Exercise brief:
Restate each of the lines below word for word and drop every picture.

Information provided:

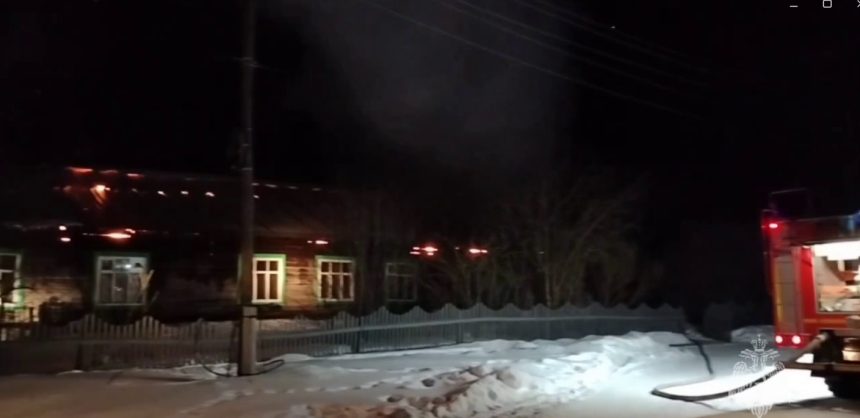Здание начальной школы и детского сада горело в селе Каменка в Иркутской области
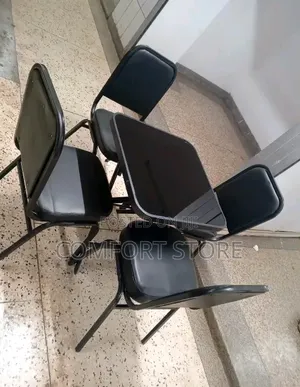 Dinning Set of Glass Table With 4 Pieces Chairs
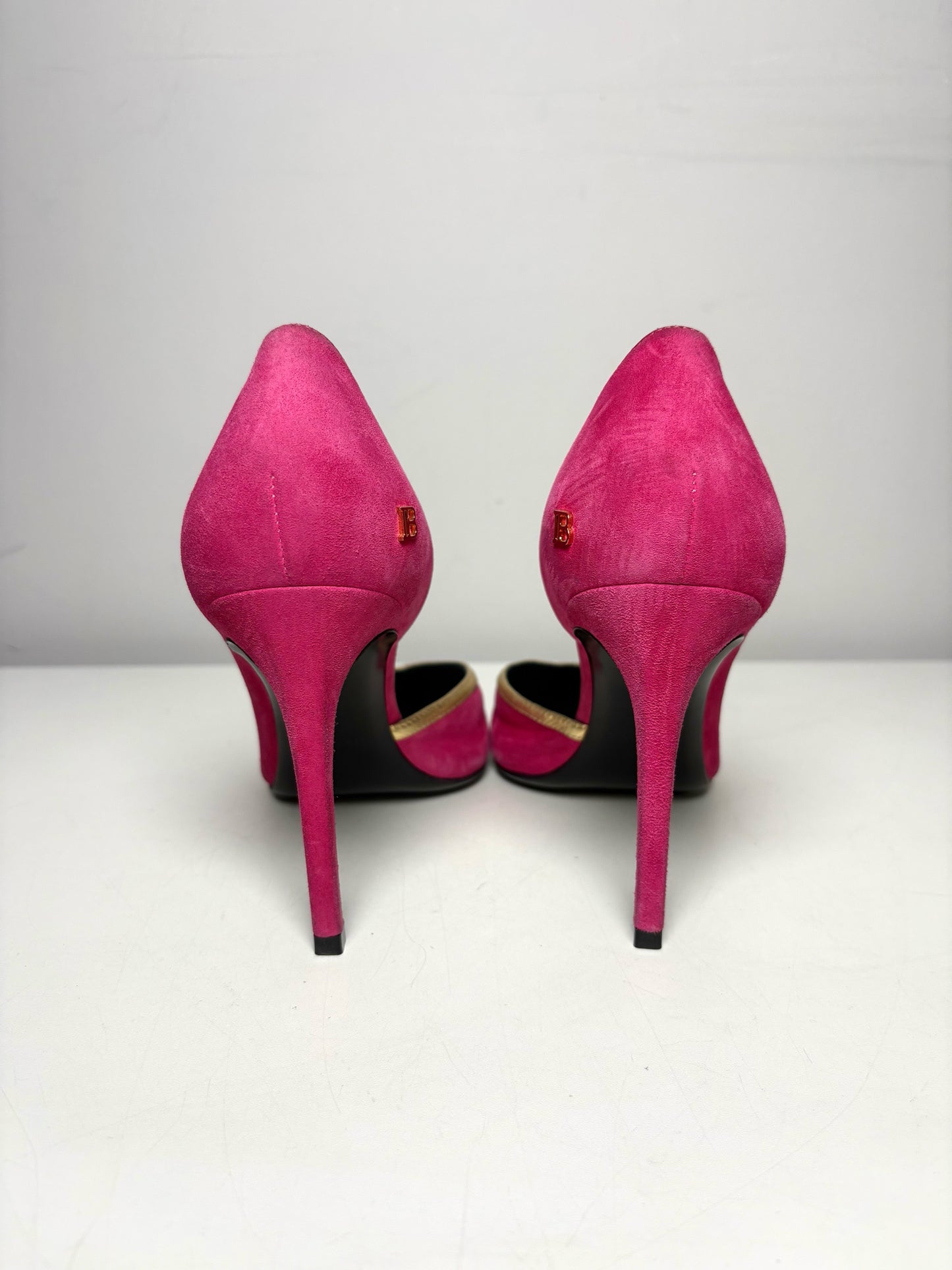 W Size 39 (8 - 8.5) Balmain Miley Fuchsia, Gold Trim Leather Suede NWOT Heels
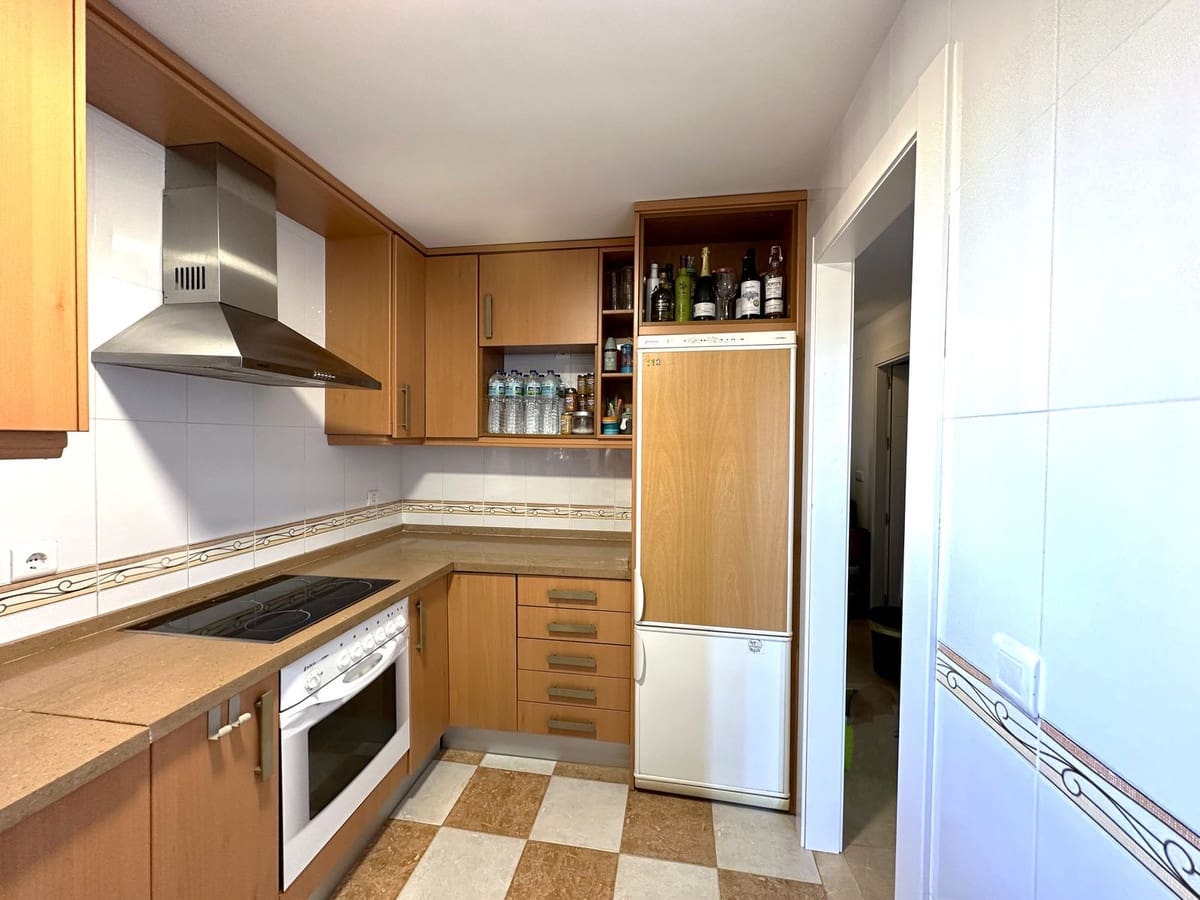 2 soverom Leilighet til salgs i La Duquesa / Puerto de la Duquesa - € 250 000 (Ref: 9080855)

The answer:
Здание начальной школы и детского сада горело в селе Каменка в Иркутской области
 Dinning Set of Glass Table With 4 Pieces Chairs
 W Size 39 (8 - 8.5) Balmain Miley Fuchsia, Gold Trim Leather Suede NWOT Heels
 2 soverom Leilighet til salgs i La Duquesa / Puerto de la Duquesa - € 250 000 (Ref: 9080855)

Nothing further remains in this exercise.